Is the industry ready to adopt VISUAL IVR? Are consumers ready?

Here’s what the industry is saying:

“You might be able to reduce your use of IVR by 70 – 80%..Simply by driving customers to use the website tablet and smart-phone app to route and queue the call to your contact center agents instead of hanging on till someone is free”. “The increased efficiency of blending voice and graphical contact drives lower cost and improved customer experience.”

Source: Customer Experience Foundation org about “Graphical Contact Routing”


“A brilliant way of dealing with one of the most frustrating service problems that a company has–’kludgy’ audio menus.” “The app recognizes that “contemporary customers are increasingly mobile,” and that “human beings respond more effectively to visual cues than audio ones.”

Source: Paul Greenberg, president of The 56 Group


“IVR self-service is a visual representation of IVR menus, complimented by the rapid growth of smart phones, which allow the caller to navigate the IVR menu 4 to 5 times quicker than using a traditional audio IVR menu.”

Source: Contact Babel “The Inner Circle Guide to Self Service”


“New visual IVR has the potential to introduce more options by using smart mobile devices and computers. By integrating mobile apps along with the features available on smartphones, organizations will now be able to link the interaction with core business processes to gather valuable data and provide other features to engage consumers.”

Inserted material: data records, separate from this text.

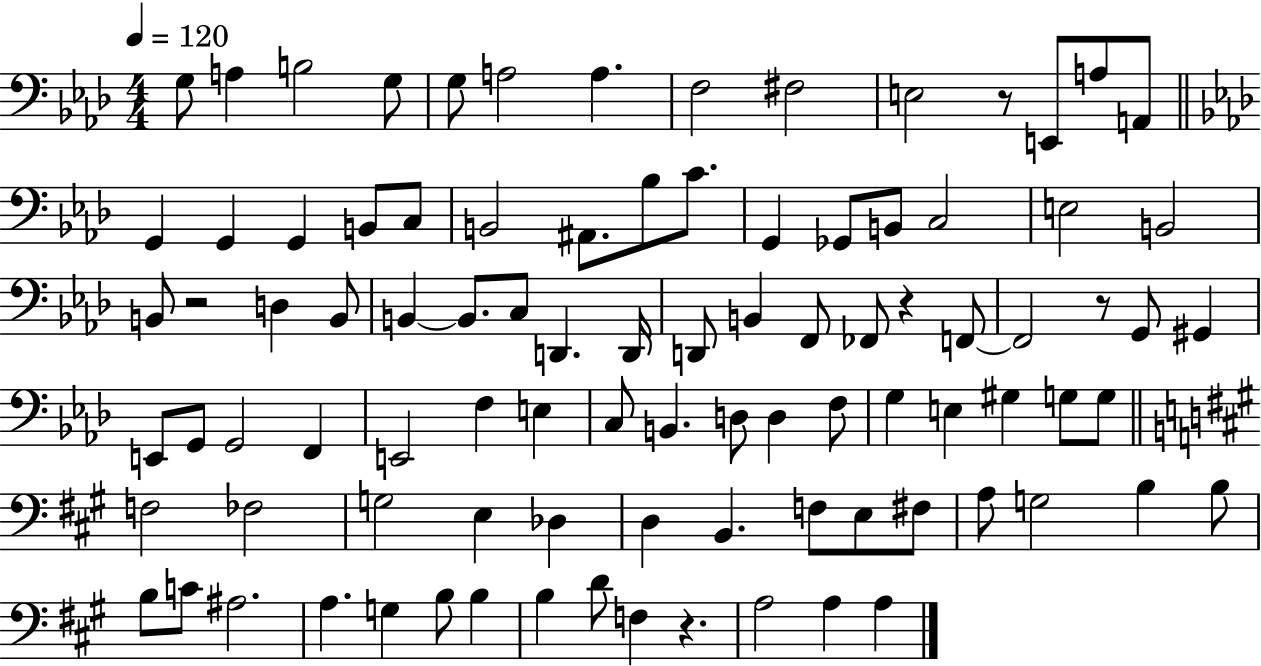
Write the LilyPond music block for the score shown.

{
  \clef bass
  \numericTimeSignature
  \time 4/4
  \key aes \major
  \tempo 4 = 120
  g8 a4 b2 g8 | g8 a2 a4. | f2 fis2 | e2 r8 e,8 a8 a,8 | \break \bar "||" \break \key f \minor g,4 g,4 g,4 b,8 c8 | b,2 ais,8. bes8 c'8. | g,4 ges,8 b,8 c2 | e2 b,2 | \break b,8 r2 d4 b,8 | b,4~~ b,8. c8 d,4. d,16 | d,8 b,4 f,8 fes,8 r4 f,8~~ | f,2 r8 g,8 gis,4 | \break e,8 g,8 g,2 f,4 | e,2 f4 e4 | c8 b,4. d8 d4 f8 | g4 e4 gis4 g8 g8 | \break \bar "||" \break \key a \major f2 fes2 | g2 e4 des4 | d4 b,4. f8 e8 fis8 | a8 g2 b4 b8 | \break b8 c'8 ais2. | a4. g4 b8 b4 | b4 d'8 f4 r4. | a2 a4 a4 | \break \bar "|."
}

Source: IVR Resource “Mobile Visual IVR Gives Customers More Control,” March 2014


The advantages of providing visual IVR are numerous. Beyond the obvious ease of navigation, they can also move to chat, schedule a callback and only when necessary, connect an agent. Escalation will be needed less than with traditional IVRs, where it was often the only option available to resolve issues.”

Source: CRM Exchange, Call Center & CRM Best Practices, Sept 2013


“The visual IVR experience is specifically tailored to meet the growing demand of our multiple markets. We will always bring the best solutions to market for our customers that result in optimum end user satisfaction, a commitment to being at the forefront of technology, and most importantly directly impacting customer service performance and call handling time, cost reduction and business processes improvement.”

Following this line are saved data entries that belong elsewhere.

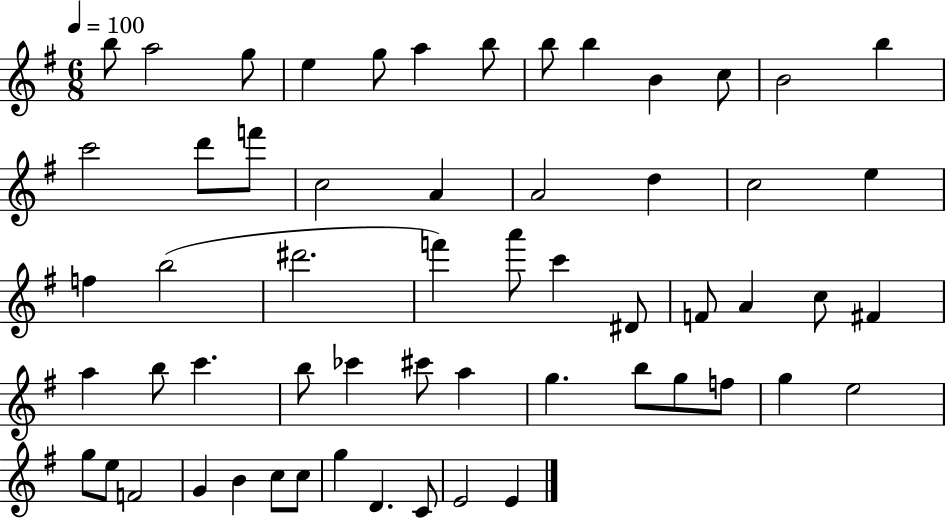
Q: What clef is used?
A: treble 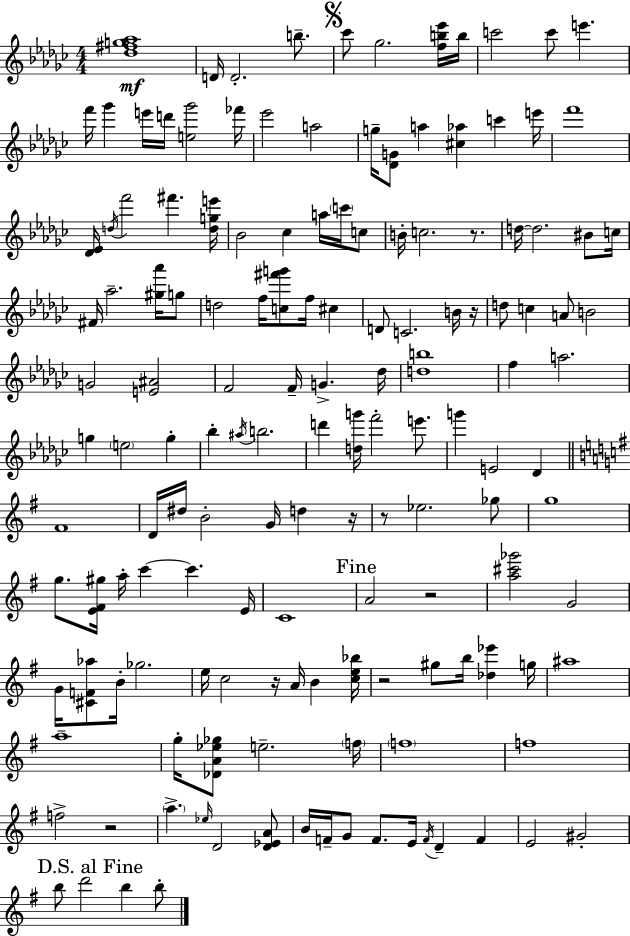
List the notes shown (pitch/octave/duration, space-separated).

[Db5,F#5,G5,Ab5]/w D4/s D4/h. B5/e. CES6/e Gb5/h. [F5,B5,Eb6]/s B5/s C6/h C6/e E6/q. F6/s Gb6/q E6/s D6/s [E5,Gb6]/h FES6/s Eb6/h A5/h G5/s [Db4,G4]/e A5/q [C#5,Ab5]/q C6/q E6/s F6/w [Db4,Eb4]/s D5/s F6/h F#6/q. [D5,G5,E6]/s Bb4/h CES5/q A5/s C6/s C5/e B4/s C5/h. R/e. D5/s D5/h. BIS4/e C5/s F#4/s Ab5/h. [G#5,Ab6]/s G5/e D5/h F5/s [C5,F#6,G6]/e F5/s C#5/q D4/e C4/h. B4/s R/s D5/e C5/q A4/e B4/h G4/h [E4,A#4]/h F4/h F4/s G4/q. Db5/s [D5,B5]/w F5/q A5/h. G5/q E5/h G5/q Bb5/q A#5/s B5/h. D6/q [D5,G6]/s F6/h E6/e. G6/q E4/h Db4/q F#4/w D4/s D#5/s B4/h G4/s D5/q R/s R/e Eb5/h. Gb5/e G5/w G5/e. [E4,F#4,G#5]/s A5/s C6/q C6/q. E4/s C4/w A4/h R/h [A5,C#6,Gb6]/h G4/h G4/s [C#4,F4,Ab5]/e B4/s Gb5/h. E5/s C5/h R/s A4/s B4/q [C5,E5,Bb5]/s R/h G#5/e B5/s [Db5,Eb6]/q G5/s A#5/w A5/w G5/s [Db4,A4,Eb5,Gb5]/e E5/h. F5/s F5/w F5/w F5/h R/h A5/q. Eb5/s D4/h [D4,Eb4,A4]/e B4/s F4/s G4/e F4/e. E4/s F4/s D4/q F4/q E4/h G#4/h B5/e D6/h B5/q B5/e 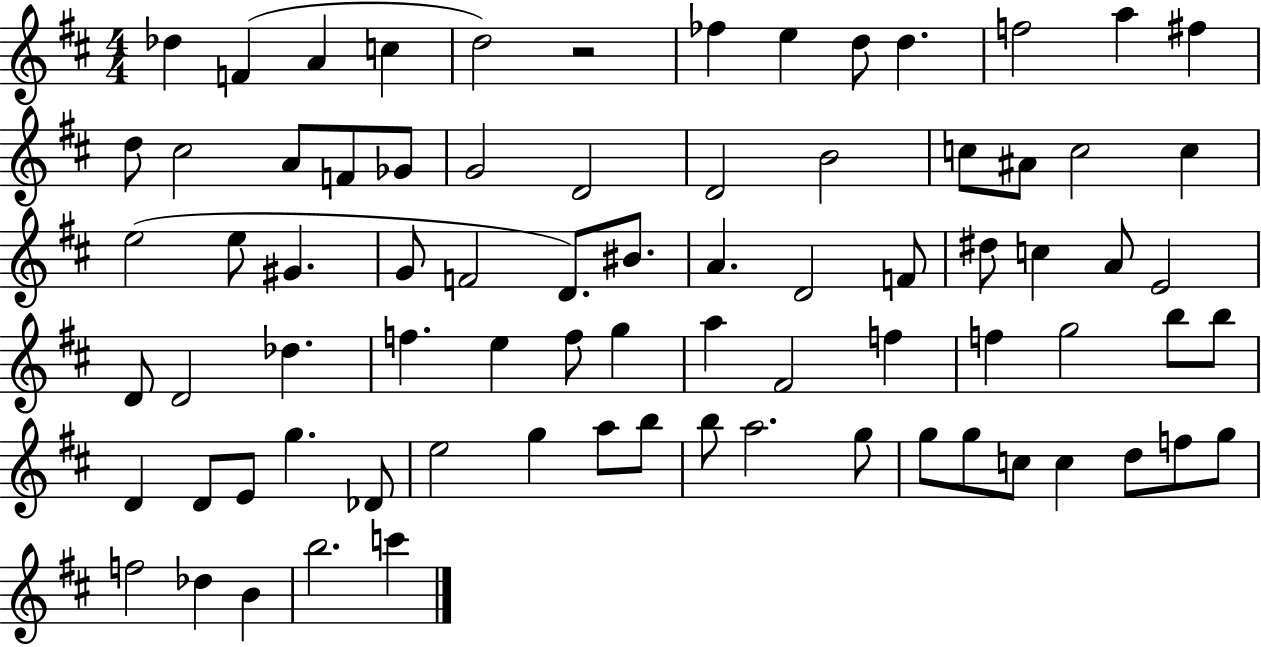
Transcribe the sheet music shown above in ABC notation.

X:1
T:Untitled
M:4/4
L:1/4
K:D
_d F A c d2 z2 _f e d/2 d f2 a ^f d/2 ^c2 A/2 F/2 _G/2 G2 D2 D2 B2 c/2 ^A/2 c2 c e2 e/2 ^G G/2 F2 D/2 ^B/2 A D2 F/2 ^d/2 c A/2 E2 D/2 D2 _d f e f/2 g a ^F2 f f g2 b/2 b/2 D D/2 E/2 g _D/2 e2 g a/2 b/2 b/2 a2 g/2 g/2 g/2 c/2 c d/2 f/2 g/2 f2 _d B b2 c'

Source: Gary T. Hannah, Vocantas President and CEO


Here’s what leading analysts are saying:

“Any organization that is providing services to consumer is likely to adopt Visual IVR in order to enable consumers to have more control in doing things themselves: 1- consumers want to get info themselves without having to ask anyone and they want to look at it. 2- Perform transactions ( like transfer of funds) without asking someone to help them 3- be notified when they run into a problem and be able to click to assistance using their on mobile devices, opting for a call back for non-critical issues. This type of flexibility is what any organization providing services can offer its customers by adopting Visual IVR.”

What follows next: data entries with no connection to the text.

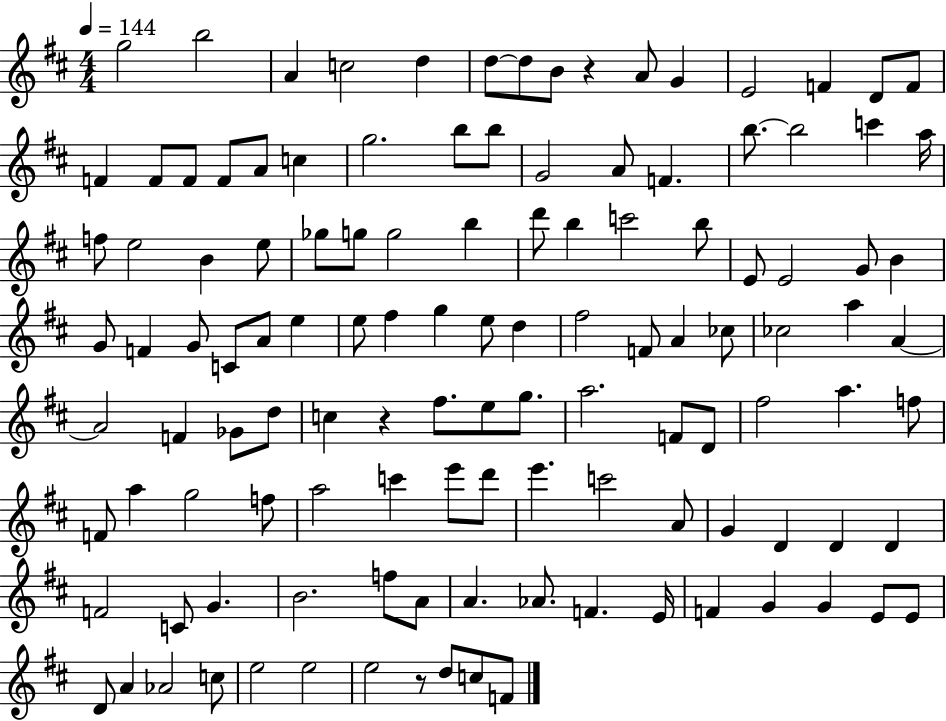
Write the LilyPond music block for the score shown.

{
  \clef treble
  \numericTimeSignature
  \time 4/4
  \key d \major
  \tempo 4 = 144
  g''2 b''2 | a'4 c''2 d''4 | d''8~~ d''8 b'8 r4 a'8 g'4 | e'2 f'4 d'8 f'8 | \break f'4 f'8 f'8 f'8 a'8 c''4 | g''2. b''8 b''8 | g'2 a'8 f'4. | b''8.~~ b''2 c'''4 a''16 | \break f''8 e''2 b'4 e''8 | ges''8 g''8 g''2 b''4 | d'''8 b''4 c'''2 b''8 | e'8 e'2 g'8 b'4 | \break g'8 f'4 g'8 c'8 a'8 e''4 | e''8 fis''4 g''4 e''8 d''4 | fis''2 f'8 a'4 ces''8 | ces''2 a''4 a'4~~ | \break a'2 f'4 ges'8 d''8 | c''4 r4 fis''8. e''8 g''8. | a''2. f'8 d'8 | fis''2 a''4. f''8 | \break f'8 a''4 g''2 f''8 | a''2 c'''4 e'''8 d'''8 | e'''4. c'''2 a'8 | g'4 d'4 d'4 d'4 | \break f'2 c'8 g'4. | b'2. f''8 a'8 | a'4. aes'8. f'4. e'16 | f'4 g'4 g'4 e'8 e'8 | \break d'8 a'4 aes'2 c''8 | e''2 e''2 | e''2 r8 d''8 c''8 f'8 | \bar "|."
} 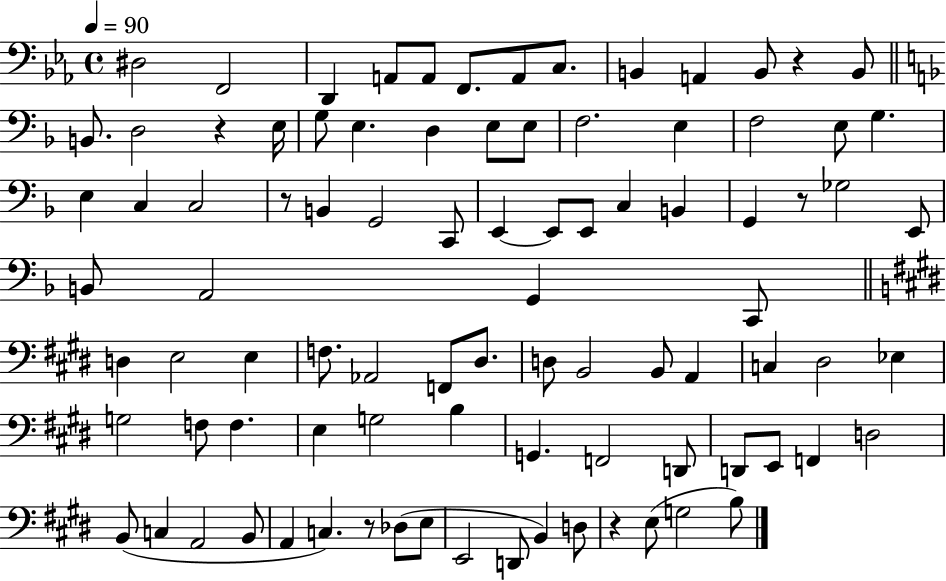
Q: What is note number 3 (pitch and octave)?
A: D2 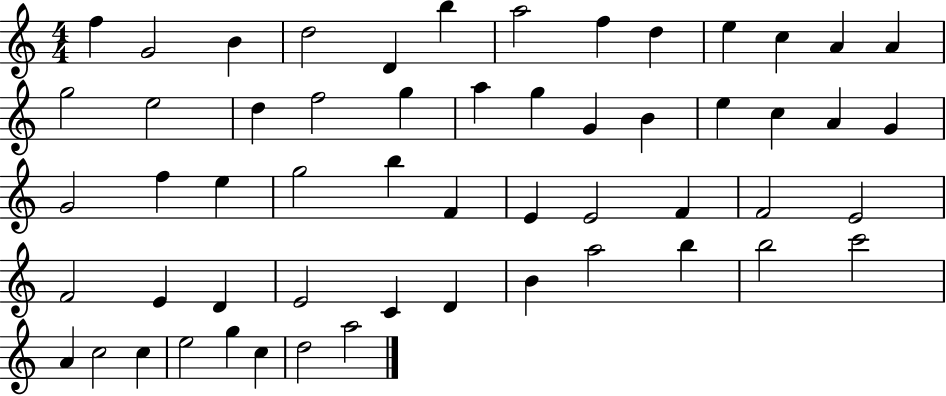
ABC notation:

X:1
T:Untitled
M:4/4
L:1/4
K:C
f G2 B d2 D b a2 f d e c A A g2 e2 d f2 g a g G B e c A G G2 f e g2 b F E E2 F F2 E2 F2 E D E2 C D B a2 b b2 c'2 A c2 c e2 g c d2 a2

Source: Art Rosenberg, Unified Communications Analyst, Visual IVR- Have We Reached The Future of Customer Service, Roundtable March 2014


“Early adopter of Visual IVR will be companies who have more tech savvy customers. Most likely scenario for initial Visual IVR adoption is when customers are out and about with just their mobile requiring ease of connectivity. Also, a “self-diagnostic” process for healthcare organizations can be a good fit for this Visual-IVR, referring respondents to the right doctor and solution.”

Source: Adrian Swinscoe, Customer Experience Strategist, Visual IVR- Have We Reached The Future of Customer Service, Roundtable March 2014


“Over the past year, contact center integration with mobile customer service applications has gained considerable hype. These solutions include the ability for mobile applications to support capabilities such as visual IVR menus, callback scheduling and transfer with context.”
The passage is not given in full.